この動きは、EUが推進する「西バルカン成長計画」の柱の一つであり、正式なEU加盟前に単一市場の具体的な恩恵を地域にもたらすことを目的としている。3カ国の金融インフラが欧州基準に整合されることで、貿易や投資の活性化、インフォーマル経済の縮小、そして地域全体の経済的・政治的結束の強化が期待される。

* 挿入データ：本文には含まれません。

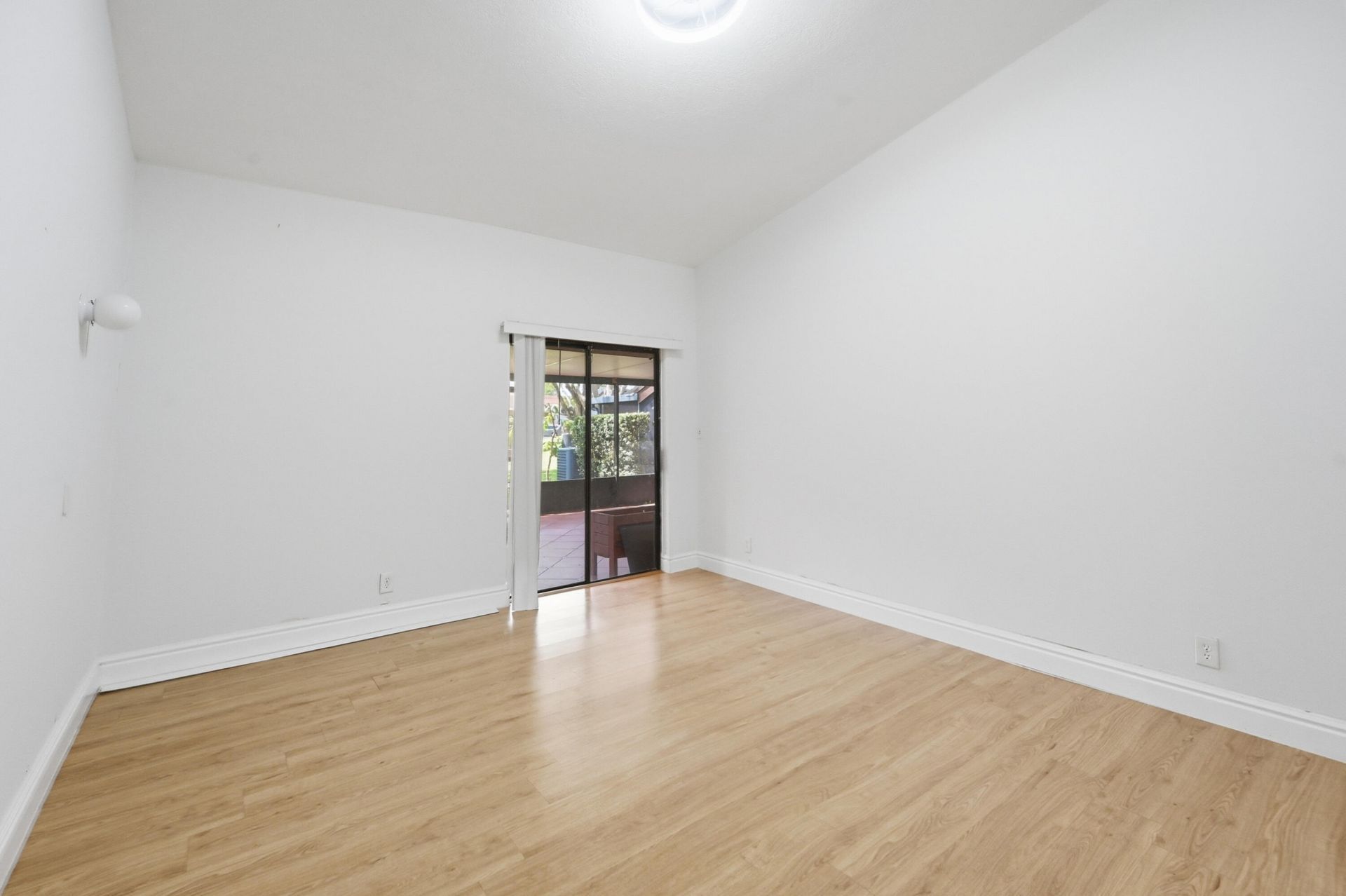 8336 NW 37th Place, Sunrise, FL 33351 Photo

モンテネグロでは、国内全11行が決済サービスを開始した。モンテネグロ中銀プレスリリースによれば、ラドヴィッチ(Irena Radović)中銀総裁は、これを「技術的な変化ではなく、欧州単一市場が国民の日常生活の一部になる一歩」と表現。モンテネグロのスパイッチ(Milojko Spajić)首相も「より安全で、より強く、より欧州的な未来への重要な一歩」と述べ、EU加盟に向けた強い意志を示した。モンテネグロでは、SEPA加盟により年間1,400万ユーロの経済的節約効果が見込まれている。式典では欧州中央銀行(European Central Bank, ECB)のラガルド(Christine Lagarde)総裁もビデオメッセージを寄せ、モンテネグロのEU統合における象徴的な節目を祝福した。

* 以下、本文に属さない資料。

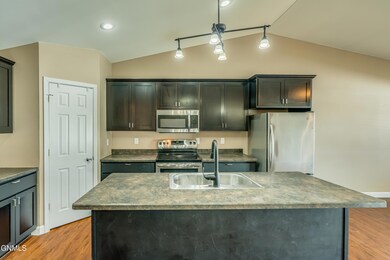 5408NormandySt_0005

北マケドニアでは、国内大手9行が同日よりサービスを開始し、残る3行も2026年第1四半期末までに完了する予定である。中央銀行の試算によれば、手数料は劇的に削減される。例えば、個人が500ユーロを電子送金する場合、手数料は従来の平均約1,600マケドニア・デナルから約260デナルへと約6分の1に、法人が20,000ユーロを送金する際には従来の約4,740デナルから約570デナルへと約8分の1にまで減少する。
アルバニアでは、セイコ(Gent Sejko)アルバニア中銀総裁が国内全11行の準備が整ったと発表した。アルバニア中銀プレスリリースによれば、アルバニアからSEPA参加国への送金手数料は最大で5分の1に削減され、初年度だけで約2,000万ユーロの節約効果が見込まれている。
他の西バルカン諸国のSEPA加盟の動向
一方で、西バルカン地域の他の国々もSEPA加盟に向けた取り組みを異なるペースで進めている。

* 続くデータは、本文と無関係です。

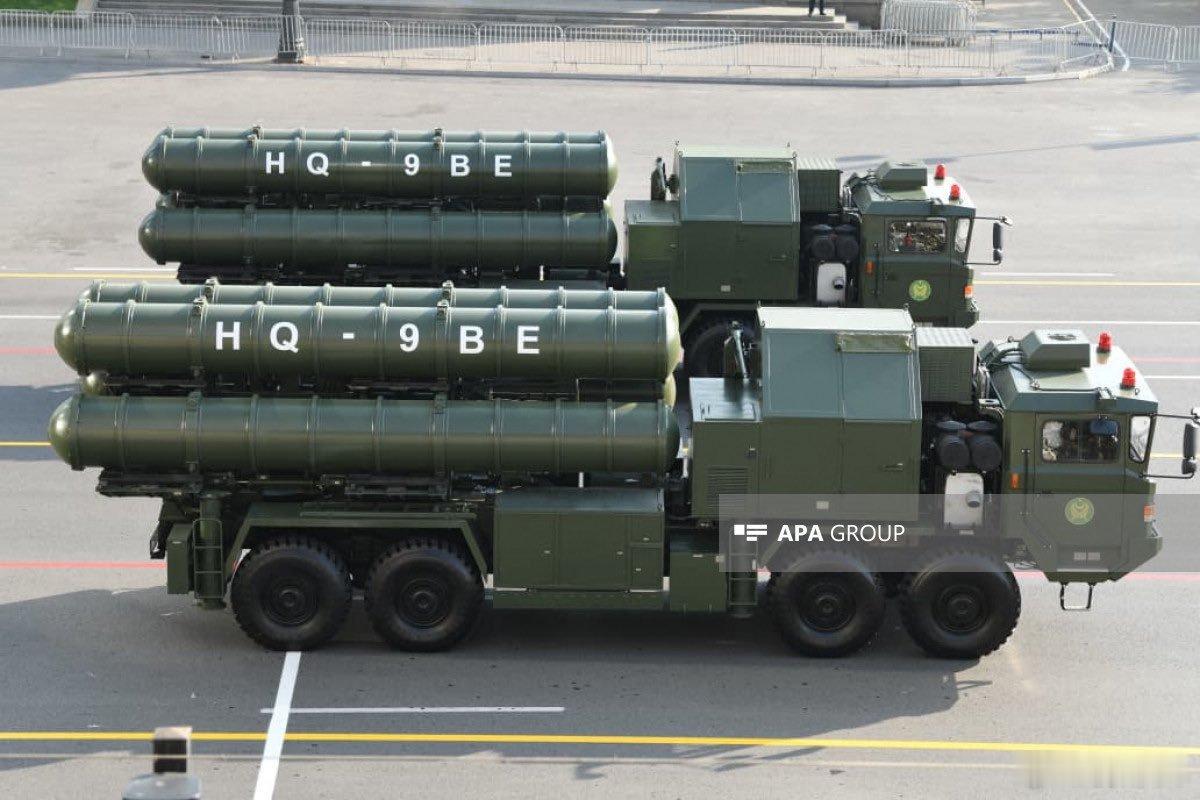 阿塞拜疆装备的中国红旗9BE防空导弹系统。 ​​​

セルビアは、2025年5月に欧州決済評議会(European Payments Council, EPC)からSEPAの地理的範囲への参加承認を得ており、大きく前進している。ただし、国内の金融機関が実際にサービスを開始できるのは、準備期間を経て2026年5月以降になる見通しである。
ボスニア・ヘルツェゴヴィナは、SEPA加盟に向けた国内の法整備が最大の課題となっている。中央銀行が関係機関と調整を進めているものの、国内法がSEPAの基準を満たしていないため、まだ正式な加盟申請には至っていない。
コソボは、SEPA加盟に必要な法整備を着実に進めているものの、一部のEU加盟国に国家として承認されていないという根本的な政治課題が加盟への障壁となっている。加えて、関連法の制定を巡る国内政治の対立もプロセスに影響を与えている。
西バルカン3カ国のSEPAへの同時加盟は、単なる金融システムの近代化にとどまらず、EUとの経済的・政治的な距離を縮める重要なマイルストーンとして考えられている。世界銀行(World Bank)や欧州委員会(European Commission)からも、この動きが西バルカン地域の成長を加速させ、金融包摂を促進するとの祝辞が寄せられており、国際社会からの高い期待がうかがえる。この歴史的な一歩は、西バルカン地域の未来が欧州と共にあることを力強く示すものとなった。